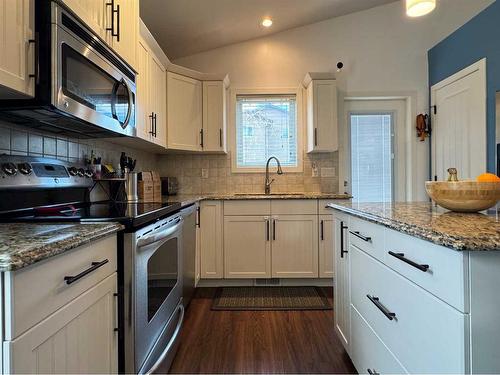 38 Riverland Close West, Lethbridge, AB - Indoor Photo Showing Kitchen With Upgraded Kitchen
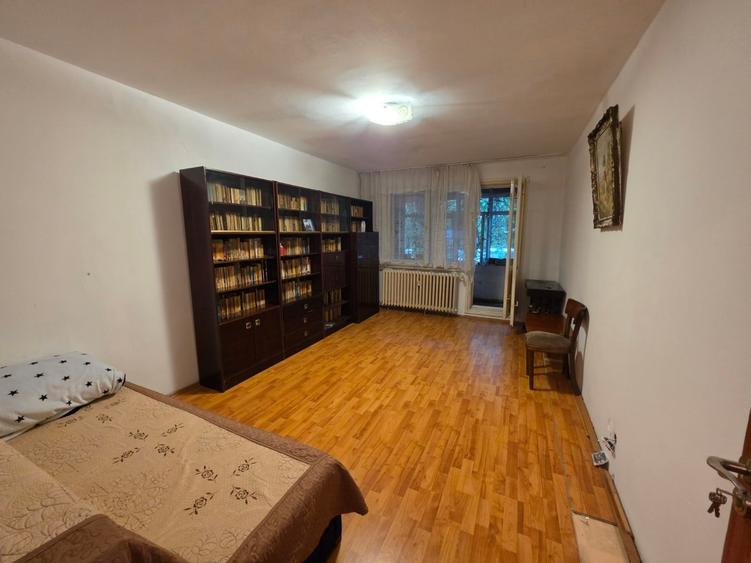 Apartament cu 3 camere decomandat în Dristor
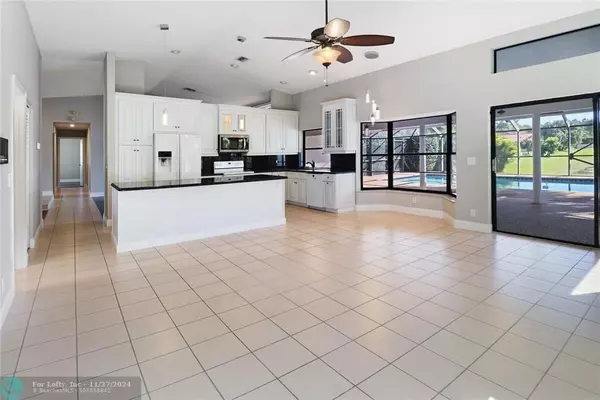 Boca Raton, FL 33498,11310 Lake Tree Ct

************

WHAT THE TASK REQUIRES: Take the lines from the one holding "Apartament cu 3 camere decomandat în Dristor" through the last line of the data above and copy them exactly, both ends included, omitting all pictures.

ANSWER TO THIS TASK:
 Apartament cu 3 camere decomandat în Dristor
 Boca Raton, FL 33498,11310 Lake Tree Ct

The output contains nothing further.